>>

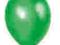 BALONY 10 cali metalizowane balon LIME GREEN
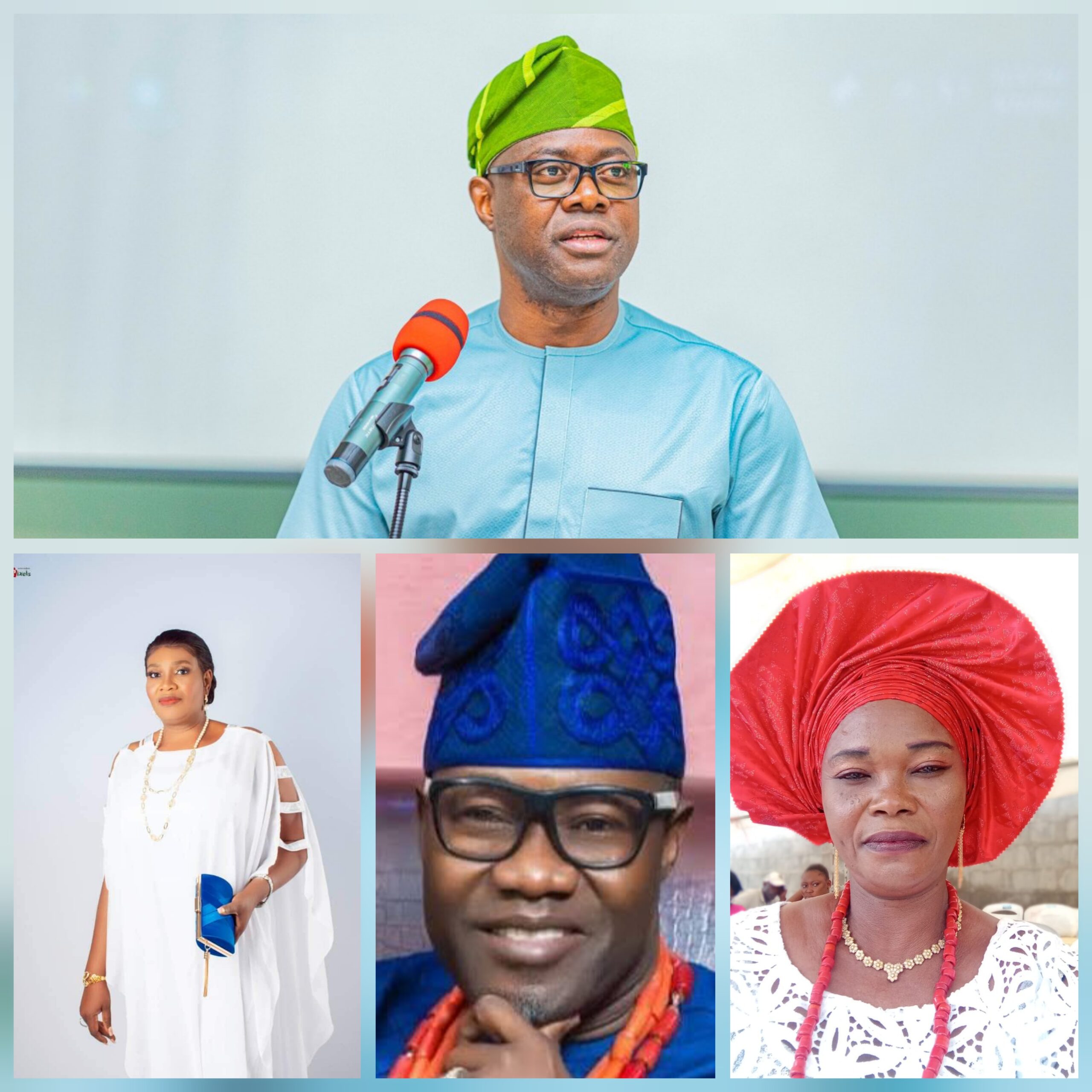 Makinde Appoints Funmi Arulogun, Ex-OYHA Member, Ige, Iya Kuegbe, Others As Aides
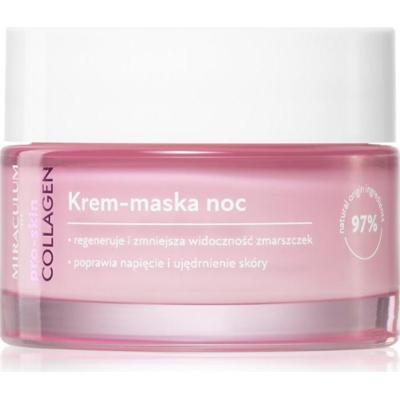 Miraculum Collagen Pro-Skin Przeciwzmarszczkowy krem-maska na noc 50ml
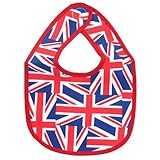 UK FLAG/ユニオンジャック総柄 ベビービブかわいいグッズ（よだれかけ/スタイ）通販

<<

_What the exercise asks_: Copy the listing exactly. No images belong in the copy.

_Exercise result_:
 BALONY 10 cali metalizowane balon LIME GREEN
 Makinde Appoints Funmi Arulogun, Ex-OYHA Member, Ige, Iya Kuegbe, Others As Aides
 Miraculum Collagen Pro-Skin Przeciwzmarszczkowy krem-maska na noc 50ml
 UK FLAG/ユニオンジャック総柄 ベビービブかわいいグッズ（よだれかけ/スタイ）通販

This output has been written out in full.